Possible bug in block.splsda + various questions

Dear mixOmics community

The latest month I’v been working on data integration of several metabolomics/lipidomics datasets with microbiome (16S) data. Lately I encoutered this strange behaviour of the block.splsda function. When I create a model using this list.keepX object:
[1] 17 6

[1] 14 5

[1] 20 12

[1] 6 5

The list indicates my otu (microbiome) dataset should have 6 & 5 variables for comp 1 & 2 respectivly in the model. However, when looking at the resulting model we can see that there are 51 & 5 variables for the otu dataset!

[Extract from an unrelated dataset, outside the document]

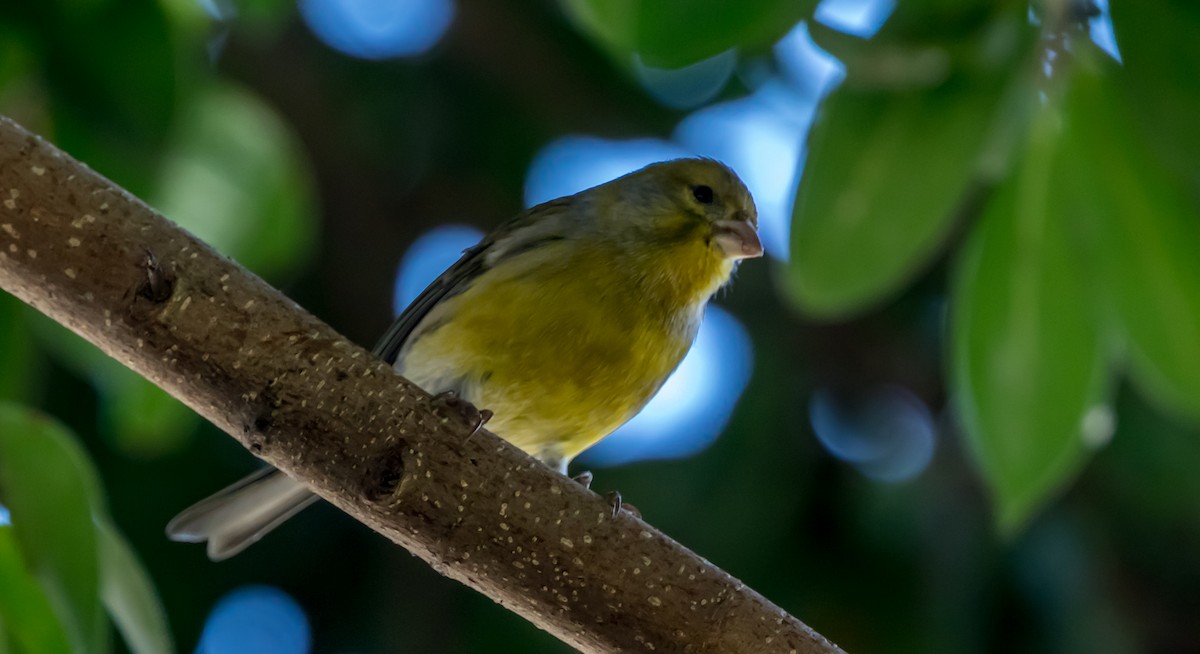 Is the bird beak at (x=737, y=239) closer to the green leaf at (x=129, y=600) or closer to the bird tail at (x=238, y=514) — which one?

In another try, with the same input, it resulted in 52 & 6 variables!

Any idea on why this might be the case, or what is happening here?

While I’m at it, I have some other (not as important) questions:

  1. For all my datasets, both in multi omic & single omic analyses, the optimal number of components is always = 1. Is this erratic behaviour, or should this be no problem? For visualization purposes I always construct models with ncomp = 2. Also the error rate of my models stays high, even after tuning, so I guess my data is not suited for prediction, but can be used for pathway analysis / search for biologically relevant correlations?

  2. Is there a way to disregard “within block correlations” when plotting the circosplot or networks?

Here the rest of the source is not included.